Brief descriptive captions
■ ■ ■ ■
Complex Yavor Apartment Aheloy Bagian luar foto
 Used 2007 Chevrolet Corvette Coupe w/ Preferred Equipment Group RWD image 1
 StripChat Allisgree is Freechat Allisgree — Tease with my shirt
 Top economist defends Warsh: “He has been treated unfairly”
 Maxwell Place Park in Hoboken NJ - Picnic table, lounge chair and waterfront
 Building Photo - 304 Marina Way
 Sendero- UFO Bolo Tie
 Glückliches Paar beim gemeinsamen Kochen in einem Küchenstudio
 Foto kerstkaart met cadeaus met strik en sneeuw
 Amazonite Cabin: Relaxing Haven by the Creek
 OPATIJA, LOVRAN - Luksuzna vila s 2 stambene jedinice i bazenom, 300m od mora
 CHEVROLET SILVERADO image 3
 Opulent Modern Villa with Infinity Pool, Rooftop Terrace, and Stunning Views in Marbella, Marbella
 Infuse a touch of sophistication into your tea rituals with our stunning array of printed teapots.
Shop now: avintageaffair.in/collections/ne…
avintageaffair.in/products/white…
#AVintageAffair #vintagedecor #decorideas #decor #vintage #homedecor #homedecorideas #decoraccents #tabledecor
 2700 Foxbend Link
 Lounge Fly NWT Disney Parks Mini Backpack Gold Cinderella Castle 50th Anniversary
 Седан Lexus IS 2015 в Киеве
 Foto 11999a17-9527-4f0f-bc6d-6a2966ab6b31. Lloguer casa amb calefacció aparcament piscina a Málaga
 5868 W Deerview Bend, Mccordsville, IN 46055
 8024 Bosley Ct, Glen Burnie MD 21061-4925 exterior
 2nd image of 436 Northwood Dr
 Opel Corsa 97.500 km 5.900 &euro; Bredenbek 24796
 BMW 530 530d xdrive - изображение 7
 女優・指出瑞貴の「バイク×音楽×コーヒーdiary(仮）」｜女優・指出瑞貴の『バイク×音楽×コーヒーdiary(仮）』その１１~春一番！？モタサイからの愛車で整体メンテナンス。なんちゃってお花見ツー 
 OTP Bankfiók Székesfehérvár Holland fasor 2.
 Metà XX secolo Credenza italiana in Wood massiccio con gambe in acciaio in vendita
■ ■ ■ ■
> **Task details**
Make a copy of each line in the records above that has the word "image".

> **Result below**
 Used 2007 Chevrolet Corvette Coupe w/ Preferred Equipment Group RWD image 1
 CHEVROLET SILVERADO image 3
 2nd image of 436 Northwood Dr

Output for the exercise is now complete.